Exercise requirements | Every line between the one containing "palm tree and beach background" and the last line of the data, both included, is to be set down exactly, and pictures are to be omitted.

The input: Begin

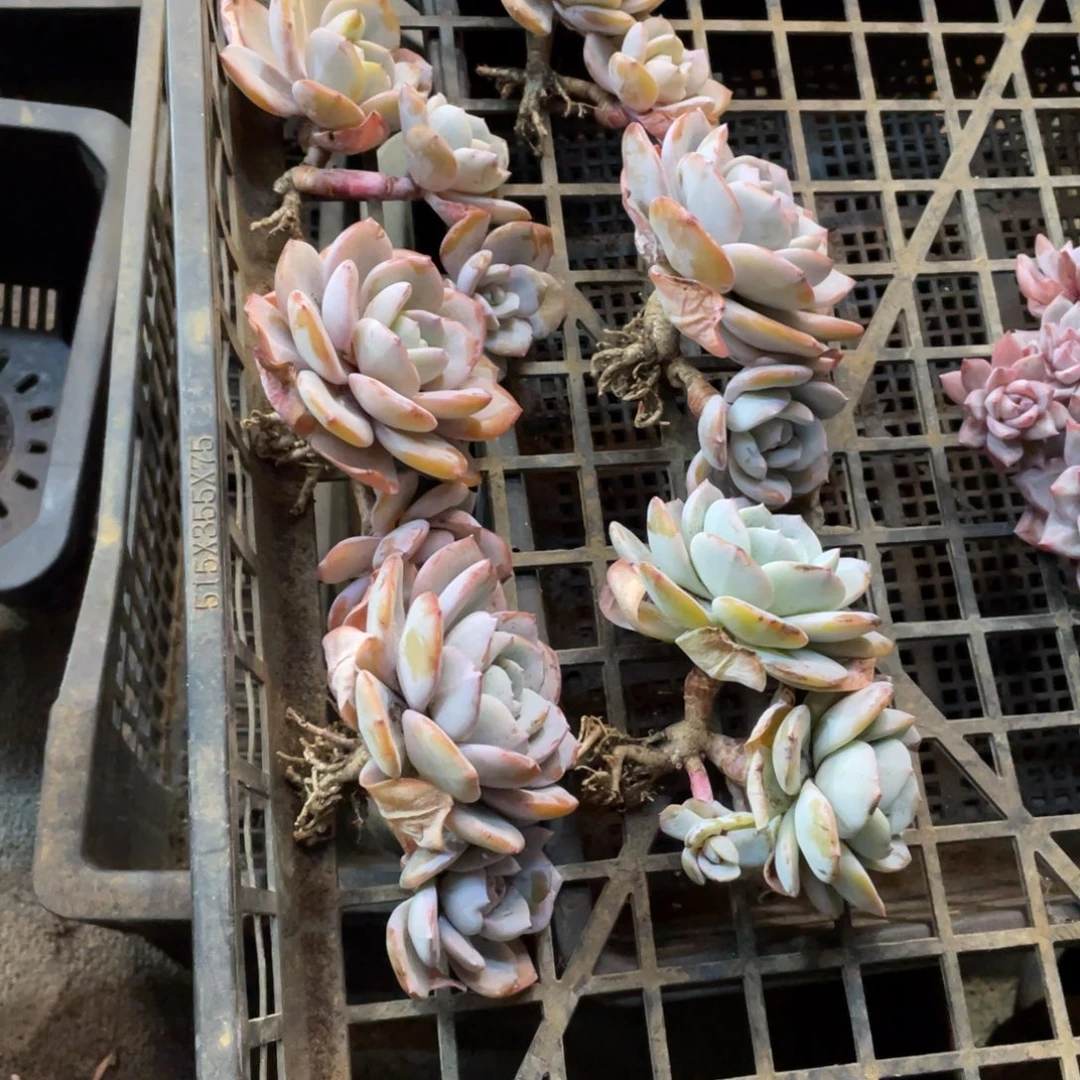 y***i奶茶一堆一物一拍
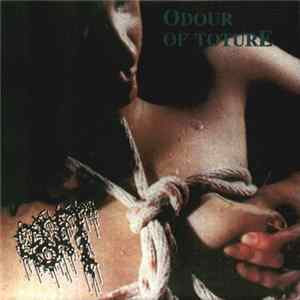 Gut - Odour Of Torture FLAC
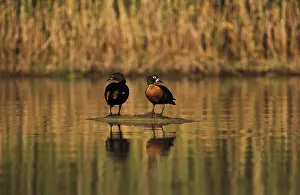 Shelduck: Australian Shelducks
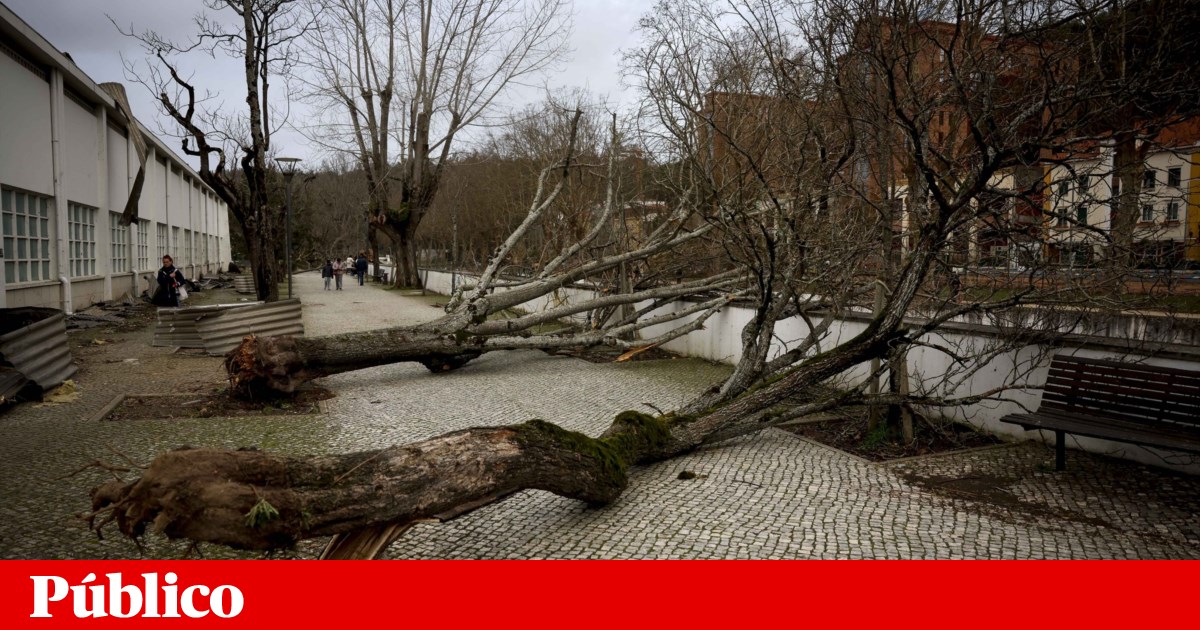 Government declares a state of calamity. What changes from now on?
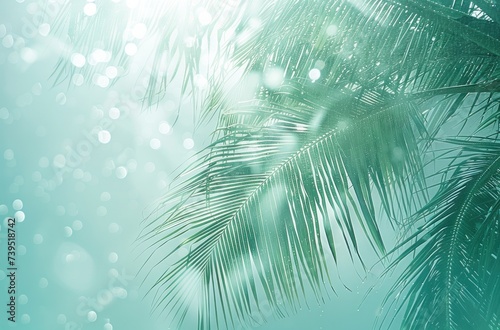 palm tree and beach background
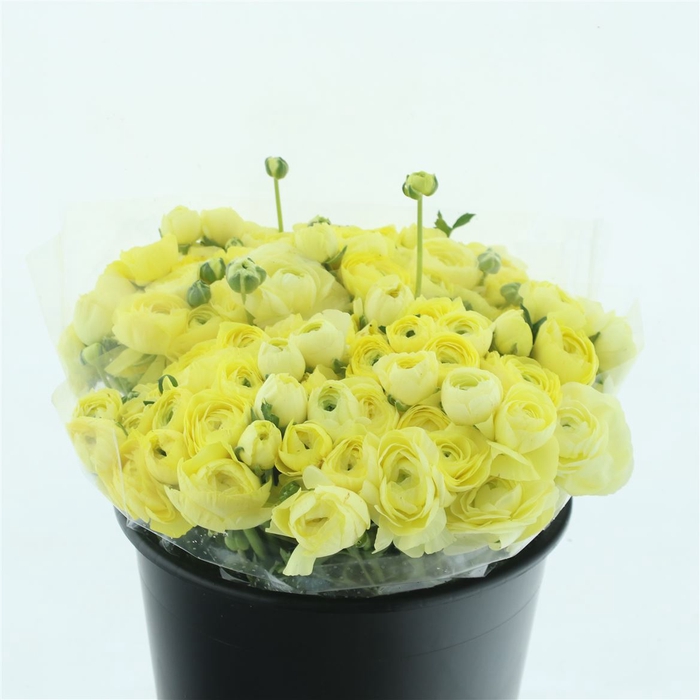 <h4>Ran El Sr Yellow Extra</h4>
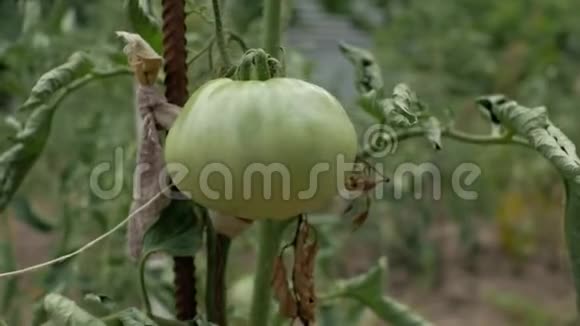 一个大而不成熟的绿色番茄生长在花园的树枝上4k4k视频视频的预览图
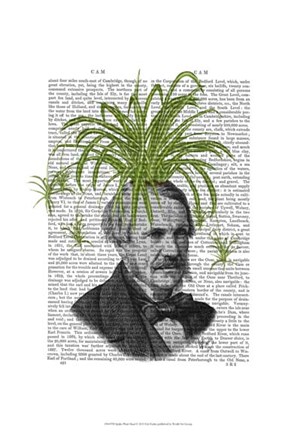 Framed Spider Plant Head Print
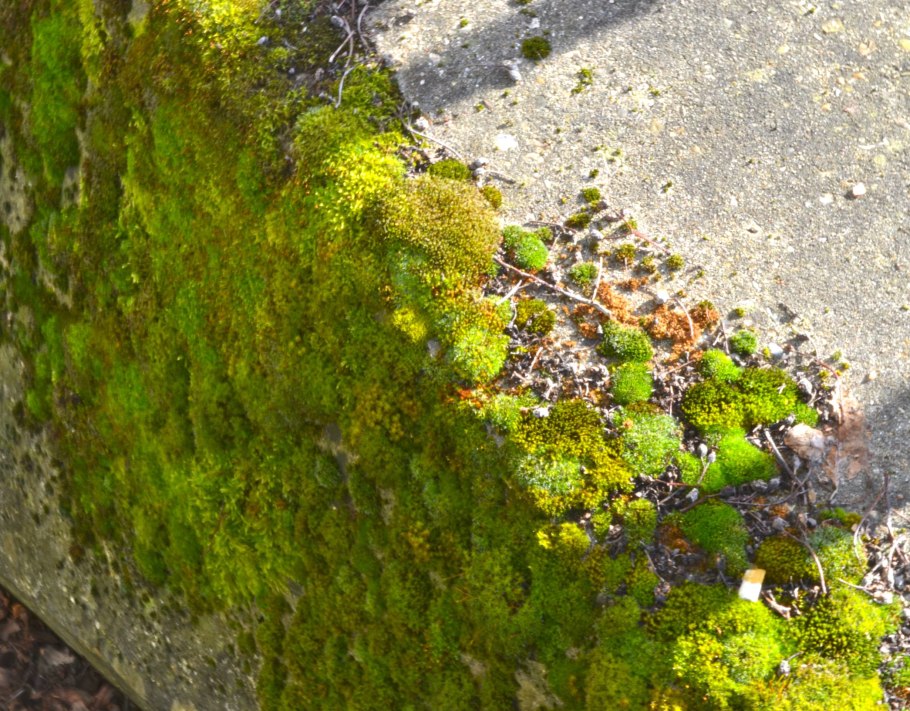 Литофильные мхи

The input: End

Exercise result |
 palm tree and beach background
 <h4>Ran El Sr Yellow Extra</h4>
 一个大而不成熟的绿色番茄生长在花园的树枝上4k4k视频视频的预览图
 Framed Spider Plant Head Print
 Литофильные мхи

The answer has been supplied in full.